Las BCR deben ser aprobadas por la autoridad de protección de datos en cada Estado miembro de la UE (como la CNIL en Francia, AEPD en España, etc.) en los que la organización dependerá de las BCR. La UE ha desarrollado un proceso de reconocimiento mutuo en virtud del cual las BCR aprobadas por la autoridad de protección de datos de un estado miembro (conocida como la autoridad "principal") y otras dos autoridades "co-líderes", pueden ser aprobadas por los otros estados miembros relevantes que pueden hacer comentarios y solicitar enmiendas. Otros estados miembros, que no forman parte del proceso de reconocimiento mutuo, también estarán involucrados por la autoridad principal y aplicarán su propio proceso de revisión independiente dentro de un plazo limitado. El proceso general para la aceptación de BCR suele tardar entre 6 y 9 meses. Este plazo no incluye la configuración de Protección de Datos requerida, que ya debería estar implementada dentro de la empresa para cumplir con la directiva actual y su implementación local.

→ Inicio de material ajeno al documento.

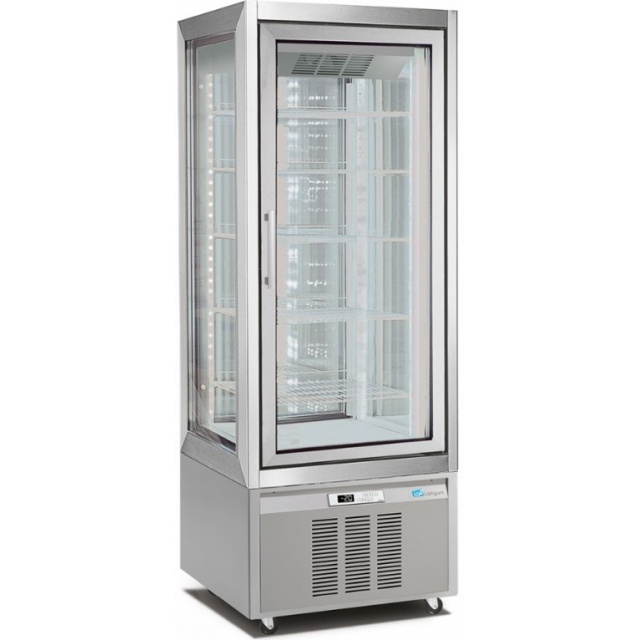 Vitrina frigorifica No-Frost Longoni M1-400 CLASSIC 3700VNP capacitate 420l 1 zona racire +5 / -20 °C argintiu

Las BCR suelen formar políticas de privacidad globales intraempresariales estrictas, un conjunto de prácticas, procesos y pautas que satisfacen los estándares de la UE y pueden estar disponibles como un medio alternativo para autorizar transferencias de datos personales (por ejemplo, bases de datos de clientes, información de recursos humanos, etc.) fuera de de Europa.
Las BCR deben verse como un marco para tener diferentes elementos (acuerdo legal interno, políticas, capacitación, auditoría, etc.) que brinden cumplimiento con las regulaciones de protección de datos de la UE y una protección efectiva de la privacidad y los datos.
Cabe señalar que, si bien originalmente se diseñaron para brindar base legal a las transferencias internacionales, las BCR se convirtieron de facto en una corporación que demuestra su capacidad para cumplir "en general" con los requisitos de procesamiento de datos personales. Una corporación que tiene BCR aplica este marco independientemente de las transferencias internacionales y debe considerarse como parte del "Gobierno corporativo" o "Gobierno de datos".